Thursday, 16 March 2017

music and art

The year really is galloping madly towards summer.  I went today to the last of the LSO St Lukes lunchtime concerts I had booked.  The final music society concert of the 2016-17 season is this coming weekend, the following Sunday I'm going to hear a youngish quartet in the church at Wrabness, and then that's it, the end of classical concert going until October.

Today the Nash Ensemble were making an appearance.  I bought the ticket nearly six months ago, back in October of last year, and I'd forgotten what combination of elements from the Nash Ensemble to expect or what they were playing.  The answer turned out to be Bruch's piano quintet in G minor, and the four string players sans piano doing a late Vaughan Williams string quartet, number 2 in A minor.  Wearing my music society committee hat I was impressed at the idea of having a piano and then not even using it for half the concert, but I'm sure St Lukes has the piano anyway.  Out in the sticks by the time we've paid five hundred pounds to hire one we don't want any downtime.

I don't believe I ever heard the Bruch quintet before, or at least not knowingly.  The only bit of Bruch I would recognise is his violin concerto, which probably leaves me in the same boat as the majority of middlebrow music enthusiasts.  The quintet is absolutely lovely, madly romantic, and as the programme notes said belongs firmly in the tonal realm of Mendelssohn, Schumann and Brahms, which is one of the places I feel happier.  The notes said that Bruch despised the New German school of Liszt and Wagner.  I wouldn't dare despise Liszt, but I don't warm to him, and I find The Ride of the Valkyries plus the Liebestod between them provide quite enough Wagner (and I mainly like the Valkyries for their association with Apocalypse Now and The Blues Brothers).  So in a division of late nineteenth century German music I that puts me firmly in team Bruch.

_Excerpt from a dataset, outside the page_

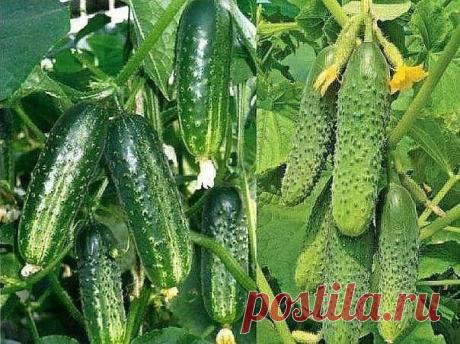 Растворы для хорошего урожая огурчиков

Чтобы получить богатый урожай огурчиков, нужно их регулярно подкармливать! Для этого отлично подойдет хлебная закваска. Приготовить ее просто! Наполните ведро на 2/3 нарезанными корочками черного хлеба, залейте водой и придавите чем-нибудь тяжелым. Иначе корки будут всплывать, когда хлеб начнет закисать. Поставьте ведро в теплое место на неделю. Такие подкормки можно проводить раз в неделю Полученную закваску разбавляю водой 1:3 и по...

The Vaughan Williams was first performed at the height of the second world war, and when I saw in the programme notes that it was in a tonal idiom with a sharp edge derived from its insistence on the dissonant interval of a tritone my heart sank, but in the event as it went on I liked it a lot.  The first movement was indeed agitated and dissonant and if it had gone on like that for twenty minutes I'd have been wishing that it could just stop, but having set his agitated scene Vaughan Williams progressed to quieter and spookier things (some recycled from earlier work on film scores.  The great Baroque composers recycled their material so why shouldn't Ralph?) and the whole effect ended up being very satisfactory and not too long, which is not meant to damn it with faint praise, only there is a limit to how much dissonance I can take.

The Nash Ensemble were marvellous and looked as though they were having a ball, and I think Lawrence Power is rapidly replacing Jon Boden in my affections.  Fiona Talkington of Radio 3 told us that today was a special birthday for him.  Well, that is one way to celebrate your fortieth.

In the afternoon I went to see Portrait of the Artist at The Queen's Gallery.  It's on for another month, and it is a really good exhibition, and was practically empty.  As I entered the largest gallery the attendant commented that I had it to myself, and I expressed my amazement and asked why it was so quiet and she said that was what she had been asking herself.  She thought the topic must sound obscure or dull, plus it wasn't very colourful and there weren't that many paintings by big names.  It is true that there is a high proportion of drawings and engravings in the exhibition, but they are of superb quality, and there are some fantastic oils, including a trio of self-portraits by Rembrant, Rubens and Daniel Mytens that once hung in the breakfast room of Charles I, and Artemisia Gentileschi's extraodinary foreshortened self-portrait in the act of painting.  I was greatly struck by Judith grasping the head of Holofernes by the hair as she stared straight out of the canvas, but had to read the caption to discover how it fitted into the exhibition theme, the answer being that the model for Judith was the artist's ex lover, and the head was his own.  Some of the works show artists and engravers depicting each other, until you end up with an engraving showing an artist holding an engraving based on a painting by somebody else (or something.  I lost track).   There are some nice miniatures too.  It is a great exhibition, and if you buy your ticket there and have it stamped before you go it will get you into the next two exhibitions as well, on Canaletto, and art of the Stuart court.